Takeaways from this talk
Accelerating Data Quality with PySpark
Real-world data Migration and Modernization Scenarios
- Explore practical examples of data migration projects across various industries. Highlight challenges faced and solutions implemented to enhance data quality during modernization efforts, setting the stage for why robust data management is essential.
Comprehensive Overview of Data Management Flows
- Provides a clear framework for effective data management encompassing data profiling, cataloging, security, and governance. Emphasize how each component plays a critical role in maintaining data quality and ensuring compliance throughout the data lifecycle.
In-depth exploration of Data Validation Dimensions
- Dive deep into key data quality dimensions—Timeliness, Uniqueness, Integrity, Completeness, and Consistency. Use case studies to illustrate how organizations can implement rigorous validation processes, ensuring their data remains reliable and actionable.
Adapting the PySpark Accelerator Test Framework
- Actionable insights on utilizing the PySpark accelerator test framework for data validation and migration. Discuss how integrating Python and Pytest can streamline testing processes, making it easier to adapt and extend the framework for various project needs.
Accelerating Your Data Quality Journey with Reusable Strategies
- Practical tips for enhancing efficiency through reusable helper classes and conditional assertions. Discuss techniques for faster setup, enabling attendees to implement solutions across multiple environments with ease.

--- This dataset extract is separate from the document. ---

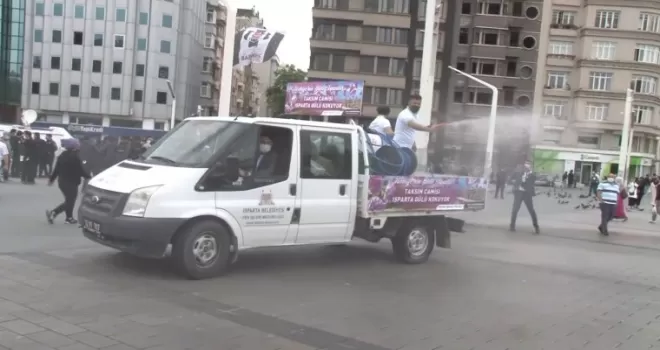 Taksim Camii çevresi gül suyu ile yıkandı
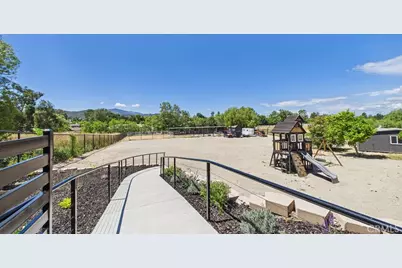 1631 Hauser Cir, Thousand Oaks, CA 91362 - Photo 70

Extending Your Framework Across Multiple Cloud Data Sources
- Discuss strategies for integrating your data quality framework with major cloud platforms like AWS, Azure Databricks, and Snowflake. Illustrates how this flexibility supports a broader range of data sources, ensuring consistent quality checks regardless of infrastructure.
Leveraging Generative AI in Your PySpark Test Framework
- Introduces the concept of incorporating Generative AI into your PySpark testing framework. Insights into how AI can optimize testing processes, enhance efficiency, and provide innovative solutions for complex data quality challenges, ultimately accelerating results.
Panel Discussion Speakers
Karthikeyan R.
Karthikeyan is a seasoned technology leader with over 15 years of industry experience, specializing in quality engineering, cloud computing, release management, and agile project delivery. With extensive expertise across various domains, Karthikeyan is passionate about architecting and implementing automation frameworks and applying AI/ML models to test automation.
Sivasakthivel Ramamoorthy
Sivasakthivel Ramamoorthy is the Director of Client Services Automation at CVS Health. Sivasakthivel is a healthcare automation leader and business strategist with more than 17 years of experience in setting up and managing large automation portfolios. Sivasakthivel played an instrumental role in modernizing healthcare pharmaceutical and plan benefit management automation.
Amit Shah
Dedicated and motivated software development professional with over 15 years of experience in an agile environment looking to provide leadership in the development of web and mobile application at an enterprise level and set the technical vision and strategy.
Nishanth Sridharan
Nishanth Sridharan, the Cloud Portfolio Leader and Senior Director at Capgemini, has decades of experience in leading and delivering digital transformation solutions for various clients across industries. With a commitment to creating value and impacting technology, his expertise spans Software Delivery, Cloud, DevSecOps, Automation, Agile, Enterprise Architecture, Application Modernization, Site Reliability Engineering (SRE), and Generative AI. He has a strong passion for technology and innovation.